Das ist natürlich immer eine Frage der Interpretation. Z.B. heißt es da:
“The even more amazing aspect was that of accepting without any critical sense, the argument put forward by the experts on the possible contamination of the exhibits, a thesis completely unlinked to any scientific data that could concretely support it. The unproven hypothesis of contamination has been taken as an axiom, ... where the collected data did not allow to come to such a conclusion. It was excluded even by the experts that there had been contamination at the laboratory. Professor Novelli said that the source, the vehicle of the contamination had to be proven”.
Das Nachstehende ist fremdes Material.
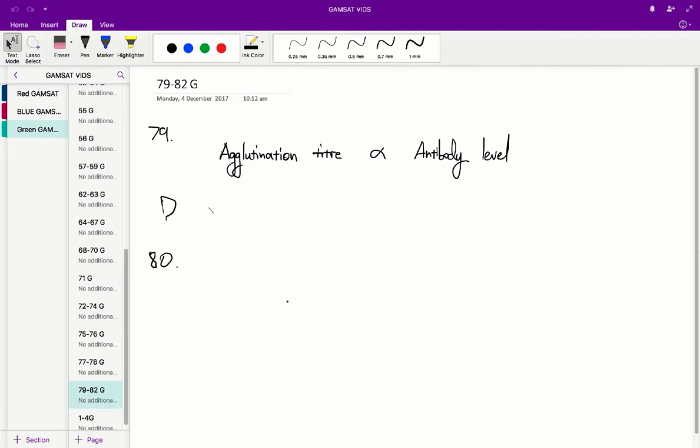In question 80, we're asked to find on day 15 which strain of trypanosome the rabbit had the greatest immunity against. If we look at day 15, it's going to be the strain with the highest agglutination titer because the agglutination titer is proportional to the antibody level. On day 15, that appears to be strain 4 trypanosome. So B is the correct answer.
Ich habe zwar eine etwas andere Übersetzung, aber wesentlich ist doch hier: Wer behauptet denn, dass die Kontamination bewiesen werden muss?
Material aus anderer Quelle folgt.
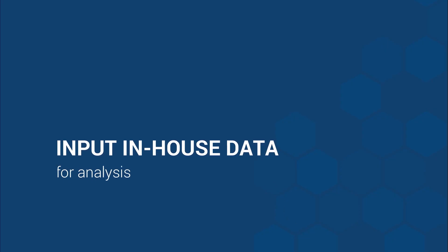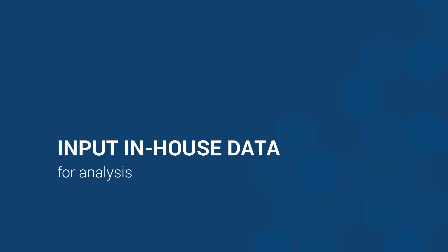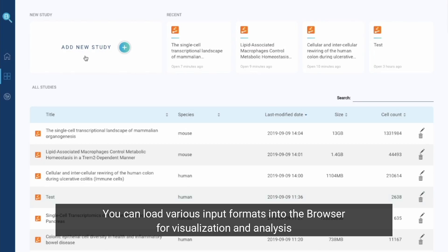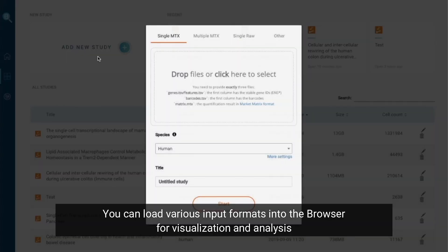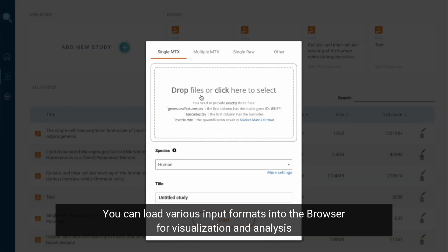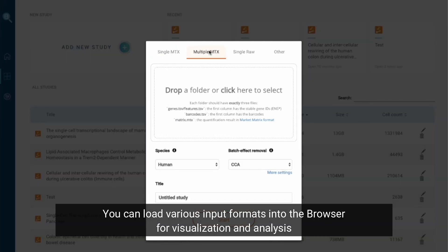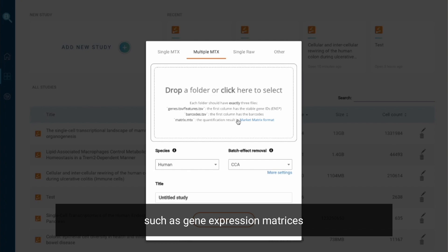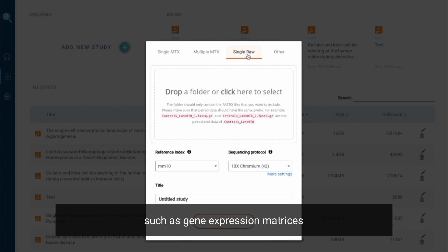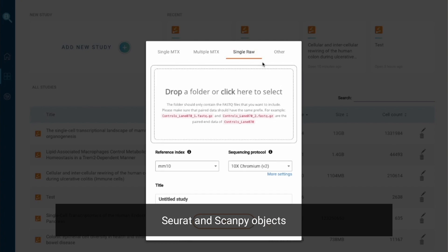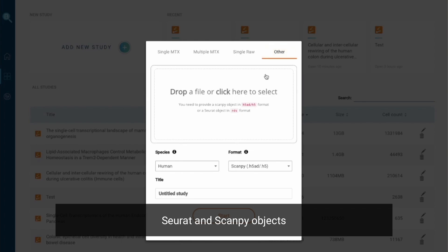Input in-house data for analysis. Apart from browsing published data, you can load various input formats into the browser for visualization and analysis, such as gene expression matrices, FASTQ files, Seurat and Scampi objects.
Nicht der oberste Gerichtshof, sondern einzig und allein Novelli.
Novelli ist kein Richter, noch nicht mal ein Jurist, seine Behauptung, dass die Kontamination bewiesen werden muss, ist juristisch erst mal ohne Belang.
Der oberste Gerichtshof spricht doch nur davon, dass man ausreichend Konkret die Kontamination behaupten muss. Dieser Grundsatz entspricht genau dem, was in einem Rechtsstaat Konsens ist. Es betrifft die Frage, was die beweisbelastete Partei nachweisen muss und wie die nicht beweisbelastete Partei Beweismittel angreifen muss.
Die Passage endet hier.